In Section 7.5, it was suggested that caching of congestion fields in packets should help to reduce the number of RBCC updates. Section 8.4 described the implementation of field caching in the REAL 4.0 version of RBCC.
Figure 63 shows the distribution of cache misses in the 500 random scenarios. Nearly all of the scenarios simulated kept their cache misses below 1%, and thus their cache hits above 99%. Caching appears to be an effective way of reducing the computational load of RBCC on the network's routers.
After caching has removed most potential ABT updates, there is little ABT work left as router overhead. The median for actual ABT updates is 214 updates per scenario (the total for all 9 routers), with the 90% range between 44:402 updates per scenario. The total number of ABT update operations for all 500 scenarios is 114,876. This is roughly 25 update operations per router for each scenario, a small amount of extra work per router.
In order to confirm that the simulation results of TRUMP/RBCC on a set of hand-picked network scenarios were not abnormal, TRUMP/RBCC was simulated on 500 pseudo-randomly generated network scenarios. As well, TCP Reno and Vegas were simulated on these scenarios to allow for comparisons of simulation results.
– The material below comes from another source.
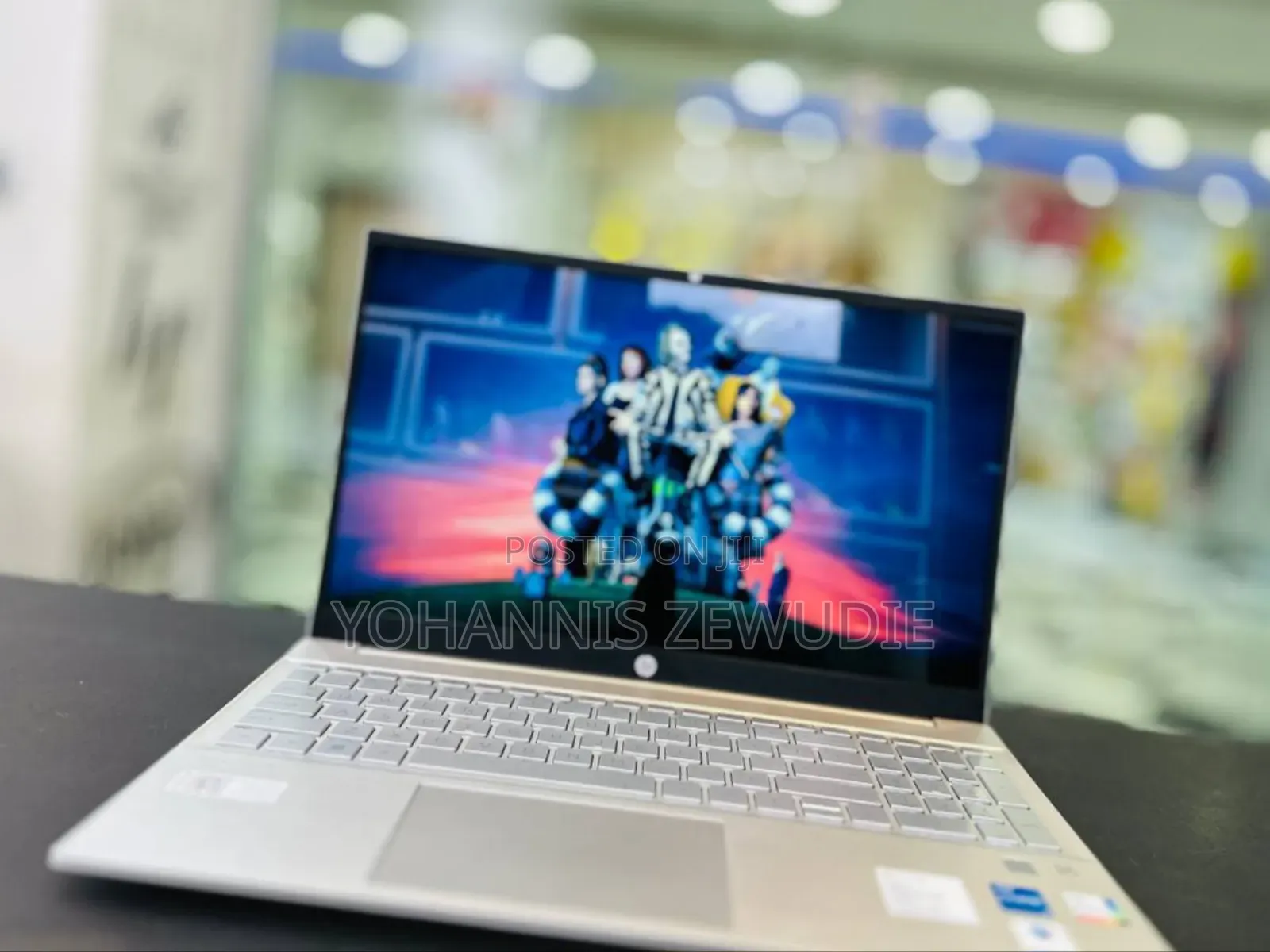 New Laptop HP Pavilion 15 16GB Intel Core I5 SSD 512GB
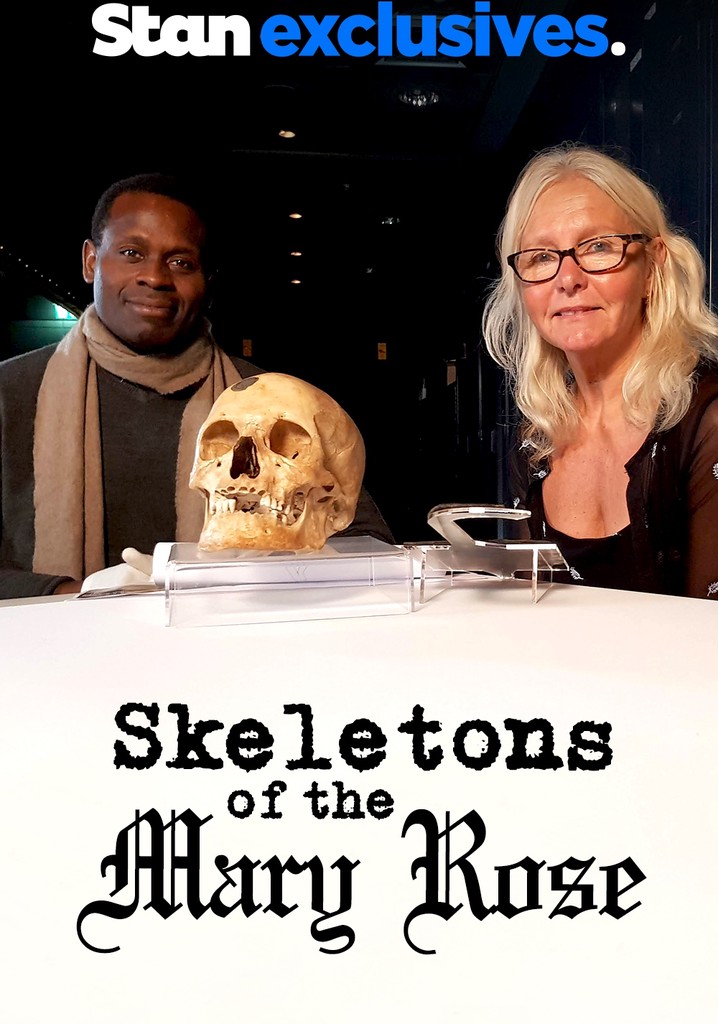 Skeletons of the Mary Rose: The New Evidence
For each simulation, several key results were abstracted: this includes average router queue lengths, packets lost, link utilisation, throughput of slowest source and end-to-end variance. These were presented as a set of distributions for the 500 simulated scenarios.
TCP Reno was shown to be a poor network congestion scheme. Router queue lengths were very high, and packets were lost in all scenarios. In most scenarios, the packet loss was high. Link utilisation was very poor for the most congested link, and the sources generally achieved a lower effective bit rate than with TRUMP/RBCC. Finally, end-to-end variance and inter-packet spacing was high, which makes TCP Reno unsuitable for time-sensitive network traffic.
The congestion control of TCP Vegas is much better than TCP Reno, as packet loss is very much improved. However, in many respects, the performance of Vegas is similar to Reno: high router queue lengths, poor link utilisation and poor end-to-end variance. One serious drawback with TCP Vegas is its apparent unfair treatment of long path traffic flows with regards to available bandwidth: this problem alone should rule out the replacement of TCP Reno with TCP Vegas in the current Internet.
The results show that TRUMP/RBCC provides a very good congestion control scheme indeed. Router queue lengths were close to the ideal value of 1, even for severely congested routers. In over 90% of the scenarios simulated, no packets were lost, and very few packets were lost in other scenarios. Link utilisation for the most congested link was close to full utilisation. End-to-end variance and inter-packet spacing changes were very suitable for time-sensitive network traffic. Finally, with implementation techniques such as congestion field caching in routers, the overhead to implement the rate-based congestion control framework using TRUMP/RBCC appears to be low.